◆ Exercise ◆
Word for word, copy all the data and drop the pictures.

◆ Data below ◆
══════════════════════════════

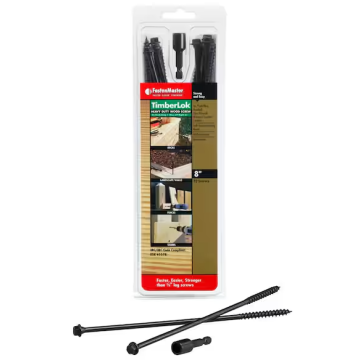 8" Timberlok Screw  12/Box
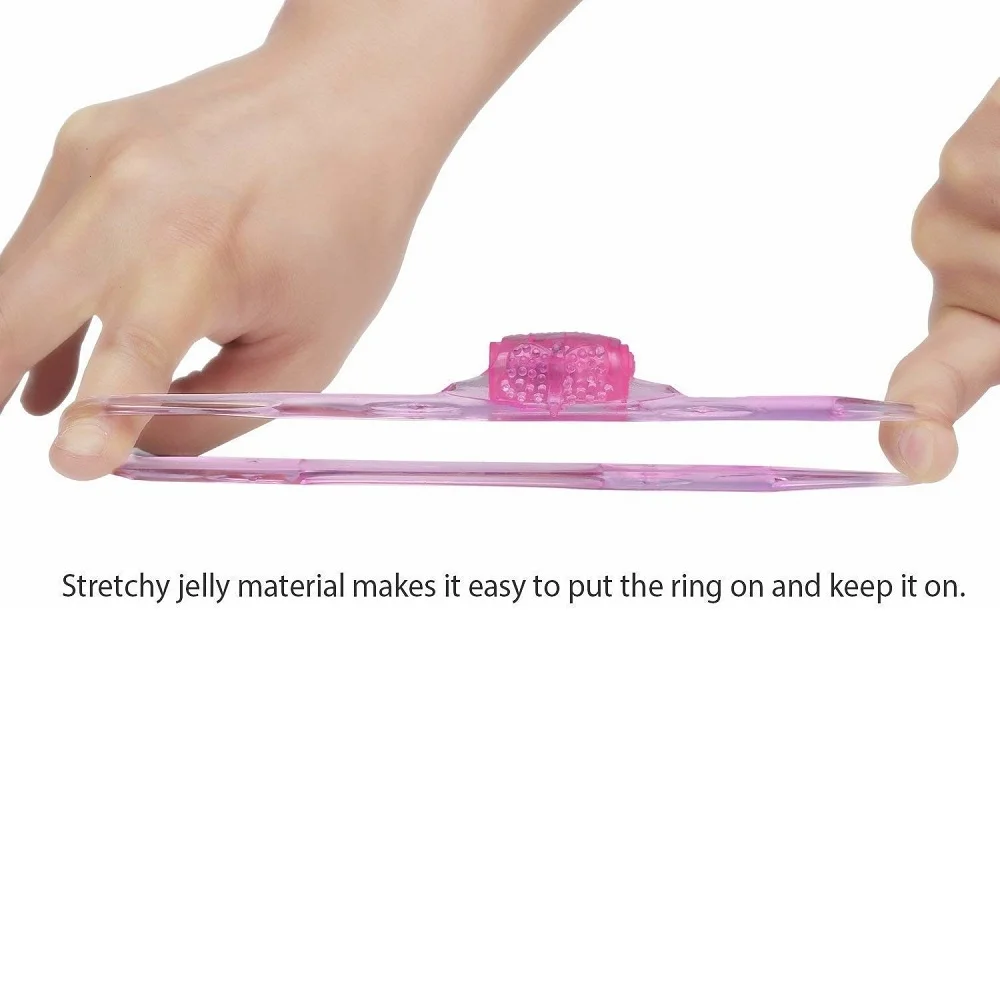 Vibrating Clitoral Stimulator Strong Penis Erect Cock Ring Cage Erection Enhance Sex Ability Product Sex Toys For Men Couple 18+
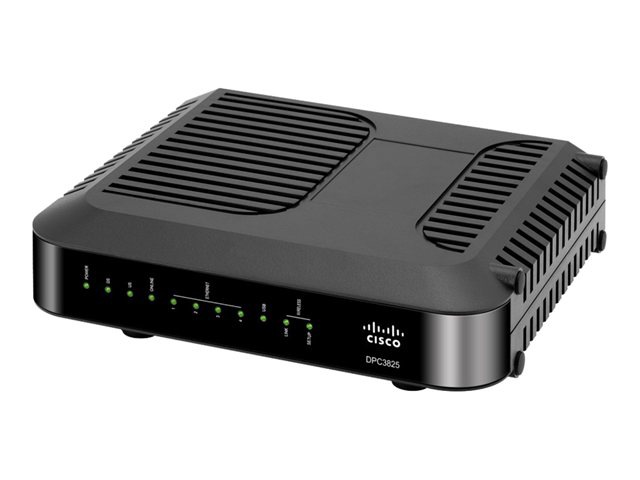 Cisco Model DPC3825 8x4 DOCSIS 3.0 - wireless router - cable mdm - 802.11b/g/n - desktop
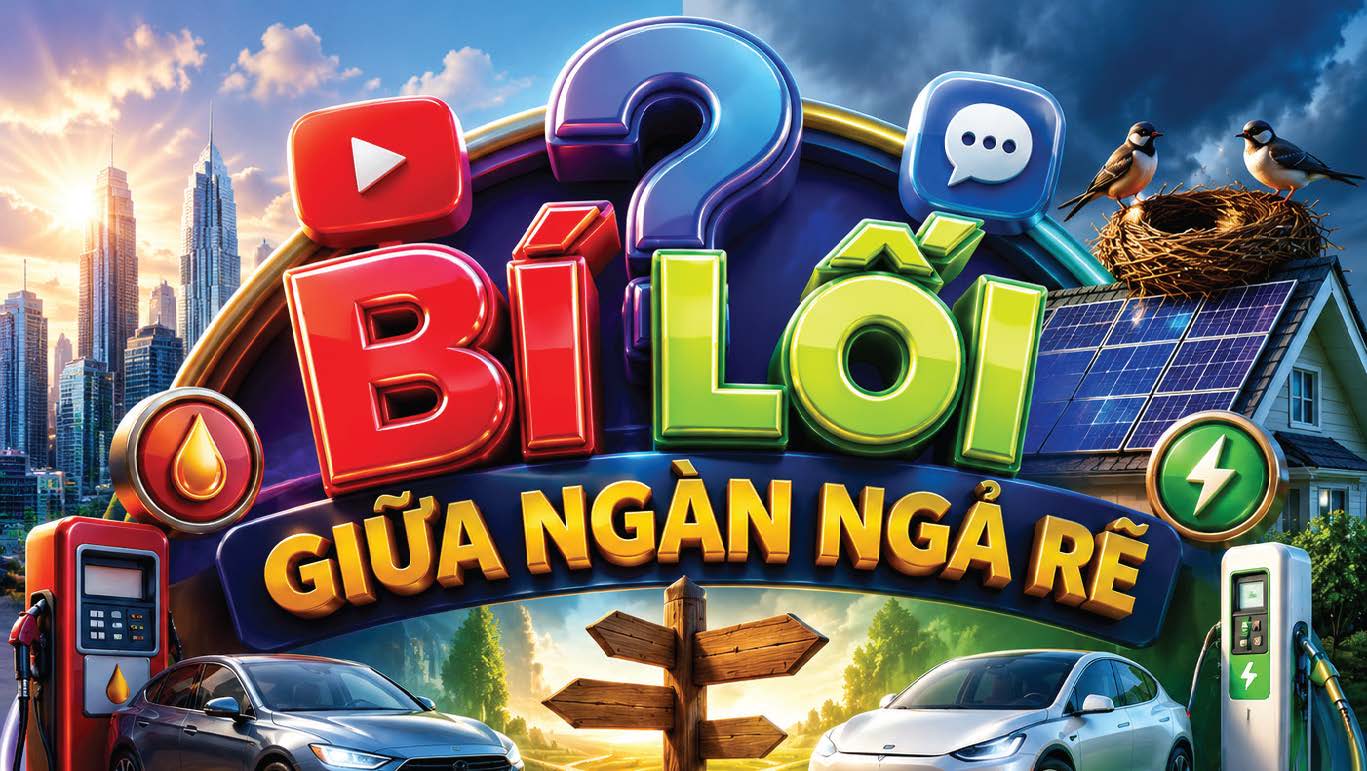 Ba ngã rẽ của đồng tiền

══════════════════════════════

◆ Solution to this exercise ◆
 8" Timberlok Screw  12/Box
 Vibrating Clitoral Stimulator Strong Penis Erect Cock Ring Cage Erection Enhance Sex Ability Product Sex Toys For Men Couple 18+
 Cisco Model DPC3825 8x4 DOCSIS 3.0 - wireless router - cable mdm - 802.11b/g/n - desktop
 Ba ngã rẽ của đồng tiền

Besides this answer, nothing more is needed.